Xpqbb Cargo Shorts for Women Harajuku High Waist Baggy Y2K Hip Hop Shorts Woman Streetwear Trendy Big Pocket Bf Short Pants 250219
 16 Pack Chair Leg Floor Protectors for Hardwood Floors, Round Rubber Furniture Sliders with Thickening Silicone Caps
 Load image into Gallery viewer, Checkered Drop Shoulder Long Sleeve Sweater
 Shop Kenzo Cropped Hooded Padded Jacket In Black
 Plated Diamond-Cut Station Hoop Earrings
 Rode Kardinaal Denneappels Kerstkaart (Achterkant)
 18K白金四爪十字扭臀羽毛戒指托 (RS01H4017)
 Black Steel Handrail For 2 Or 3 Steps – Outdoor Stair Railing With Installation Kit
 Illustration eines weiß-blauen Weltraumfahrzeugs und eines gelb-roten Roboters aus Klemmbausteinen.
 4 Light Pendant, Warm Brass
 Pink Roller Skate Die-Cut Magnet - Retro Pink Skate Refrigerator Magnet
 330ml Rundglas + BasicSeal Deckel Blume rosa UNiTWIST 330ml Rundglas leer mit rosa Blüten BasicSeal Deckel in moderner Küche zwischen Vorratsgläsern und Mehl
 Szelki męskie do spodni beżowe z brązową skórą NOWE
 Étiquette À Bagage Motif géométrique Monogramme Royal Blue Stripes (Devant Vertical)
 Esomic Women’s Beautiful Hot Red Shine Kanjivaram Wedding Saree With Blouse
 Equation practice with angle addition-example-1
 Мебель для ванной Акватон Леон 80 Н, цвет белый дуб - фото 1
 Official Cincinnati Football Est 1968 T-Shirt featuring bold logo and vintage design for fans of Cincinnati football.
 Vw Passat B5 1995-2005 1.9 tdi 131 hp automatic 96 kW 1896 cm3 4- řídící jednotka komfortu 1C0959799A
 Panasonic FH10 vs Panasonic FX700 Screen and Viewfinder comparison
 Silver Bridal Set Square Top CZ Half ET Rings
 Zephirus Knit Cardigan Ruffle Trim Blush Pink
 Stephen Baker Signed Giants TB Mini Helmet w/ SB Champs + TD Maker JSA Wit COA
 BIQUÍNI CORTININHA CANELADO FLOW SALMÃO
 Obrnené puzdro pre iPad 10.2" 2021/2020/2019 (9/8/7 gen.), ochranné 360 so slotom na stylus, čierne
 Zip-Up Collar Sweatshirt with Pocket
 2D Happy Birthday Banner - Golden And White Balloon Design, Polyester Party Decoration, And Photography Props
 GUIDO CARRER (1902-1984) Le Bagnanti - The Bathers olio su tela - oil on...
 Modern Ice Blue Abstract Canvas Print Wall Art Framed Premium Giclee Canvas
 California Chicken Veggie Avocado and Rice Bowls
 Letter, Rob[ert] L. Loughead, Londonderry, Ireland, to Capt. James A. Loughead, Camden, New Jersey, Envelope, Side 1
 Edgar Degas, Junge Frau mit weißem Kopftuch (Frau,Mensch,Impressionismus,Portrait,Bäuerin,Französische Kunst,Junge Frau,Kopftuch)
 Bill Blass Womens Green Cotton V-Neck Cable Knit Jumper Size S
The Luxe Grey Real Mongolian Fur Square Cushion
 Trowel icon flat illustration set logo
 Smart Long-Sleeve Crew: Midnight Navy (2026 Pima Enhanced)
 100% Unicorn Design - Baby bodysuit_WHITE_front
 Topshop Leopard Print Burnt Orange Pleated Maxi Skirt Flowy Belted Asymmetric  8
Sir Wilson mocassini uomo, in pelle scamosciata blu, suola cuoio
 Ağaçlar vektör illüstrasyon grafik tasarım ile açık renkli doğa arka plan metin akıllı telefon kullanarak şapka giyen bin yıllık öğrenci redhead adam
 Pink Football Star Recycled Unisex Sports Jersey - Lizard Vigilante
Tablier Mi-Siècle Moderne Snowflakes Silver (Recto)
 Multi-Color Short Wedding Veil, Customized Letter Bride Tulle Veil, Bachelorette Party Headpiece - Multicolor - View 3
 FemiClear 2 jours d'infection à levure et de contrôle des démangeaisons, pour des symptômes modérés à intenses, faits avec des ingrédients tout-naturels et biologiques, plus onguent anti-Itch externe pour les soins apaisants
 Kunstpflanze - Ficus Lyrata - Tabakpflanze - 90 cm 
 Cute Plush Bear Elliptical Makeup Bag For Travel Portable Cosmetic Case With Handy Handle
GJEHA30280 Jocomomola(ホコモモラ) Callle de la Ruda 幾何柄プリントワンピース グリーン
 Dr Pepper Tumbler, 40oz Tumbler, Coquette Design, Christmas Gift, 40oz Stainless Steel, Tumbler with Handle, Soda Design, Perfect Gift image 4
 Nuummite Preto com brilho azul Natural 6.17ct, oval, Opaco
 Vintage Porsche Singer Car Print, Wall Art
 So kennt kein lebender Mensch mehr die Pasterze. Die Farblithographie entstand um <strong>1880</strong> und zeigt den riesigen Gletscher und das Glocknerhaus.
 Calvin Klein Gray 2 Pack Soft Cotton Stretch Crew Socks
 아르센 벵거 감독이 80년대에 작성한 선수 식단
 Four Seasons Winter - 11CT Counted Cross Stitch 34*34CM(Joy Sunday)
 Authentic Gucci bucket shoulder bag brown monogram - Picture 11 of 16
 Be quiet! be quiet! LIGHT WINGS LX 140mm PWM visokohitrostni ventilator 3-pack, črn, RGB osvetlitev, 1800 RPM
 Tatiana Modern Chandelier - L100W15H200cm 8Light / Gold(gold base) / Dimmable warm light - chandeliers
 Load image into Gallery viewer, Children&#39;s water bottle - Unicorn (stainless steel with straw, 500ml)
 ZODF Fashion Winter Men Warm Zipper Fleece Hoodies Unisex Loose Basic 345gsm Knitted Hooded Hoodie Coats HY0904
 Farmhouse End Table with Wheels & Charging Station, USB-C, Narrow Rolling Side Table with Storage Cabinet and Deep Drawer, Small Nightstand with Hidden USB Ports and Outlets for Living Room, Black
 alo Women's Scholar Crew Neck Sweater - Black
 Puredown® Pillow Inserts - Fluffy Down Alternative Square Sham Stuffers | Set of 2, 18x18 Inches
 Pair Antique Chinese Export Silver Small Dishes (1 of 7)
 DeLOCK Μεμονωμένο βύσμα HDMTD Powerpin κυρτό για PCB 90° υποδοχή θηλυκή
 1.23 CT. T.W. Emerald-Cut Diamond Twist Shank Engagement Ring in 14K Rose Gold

## Task details
Which lines in the records above hold the string "Neck"? Copy each of them.

## Completed task
 Bill Blass Womens Green Cotton V-Neck Cable Knit Jumper Size S
 alo Women's Scholar Crew Neck Sweater - Black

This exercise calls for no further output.